I eventually arrive at Bishoen station and boy was I taken aback by the lack of people. My ears single out the engine of a lonely car rolling through the main street; My eyes shift from map to street and back to map; My heart pacing apprehensively at the number on top right of my iSlow screen that read 7%.
Following directions from Lawson’s cashier, I take a left into an alley dark as a dungeon. Contact lenses drying up from the exertions of the day, the two specks of light in the distance materialized into two lanterns of hope either side of wooden double doors. This had to be the place. Everything about the scene was ‘quiet, peaceful and nestled in a residential area’ as advertised.
Feeling a sense of victory, I pass through the wooden doors…
Tips to help you get to your hostel:
- In addition to having the address of your hostel, it is very handy to have printed out (or saved in a mobile device) directions from your point of entry to your hostel.

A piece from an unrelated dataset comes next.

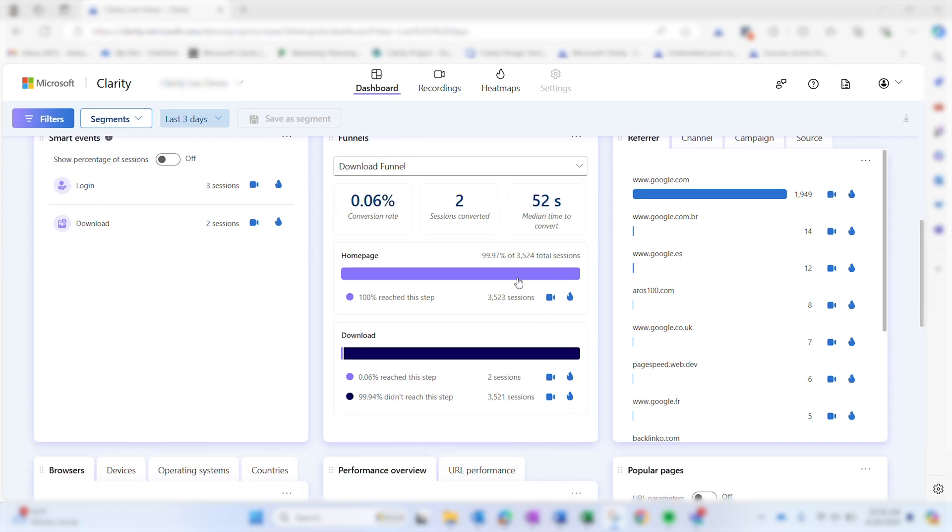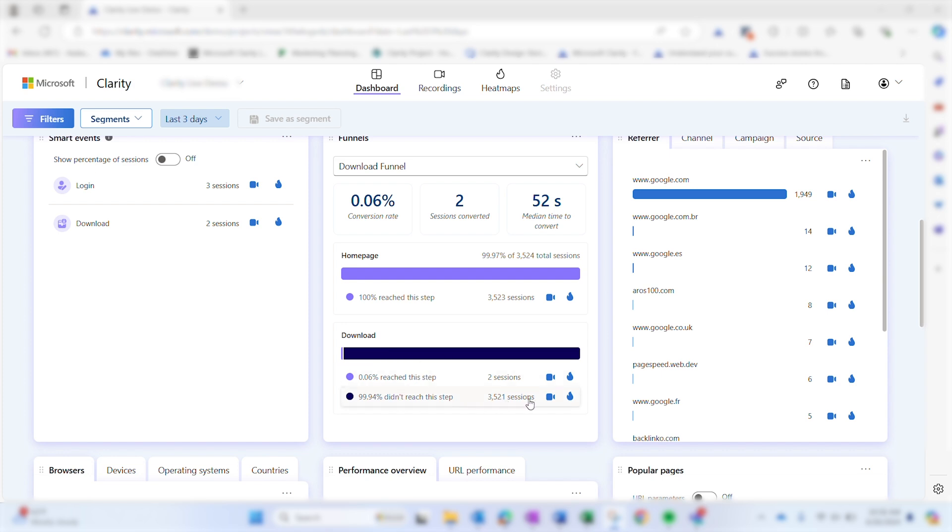The bars detail each individual step of the funnel. The light purple represents the percent of sessions that converted from the previous step, while the dark purple represents the percent of sessions that did not convert from the previous step.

- Make sure your mobile device has battery remaining (25% at least) when you are on the move. Many a times travelers use their mobile devices for entertainment whilst in a train, only to find that the battery is completely depleted when they need it most.
- To get to the central parts of train stations from the platforms, follow the locals and exit signs.
- It is also handy to pick up a public transport network map at tourist information counters at your point of entry. They are usually located in the central areas of the station/airport.
- Don’t be intimidated by ticketing machines if you must use them. Although they exist to make things faster, take your time whilst exploring the on-screen options.
- Once you arrive at the station/bus stop near your hostel, spare some time orienting yourself and map to your surroundings, and grasp the general direction of your hostel before setting off. Majority of travelers getting lost tend to set off in the wrong direction from the outset and get more and more confused while trying to navigate.
- Make sure your travel bag does not have loose ends that might get snagged (eg. on Bicycles, signs etc.) as you’re walking on the streets. The snag may cause your items within to spill out, or worse still, rip you backpack, causing a great deal of inconvenience, loss of time, and heaps of energy.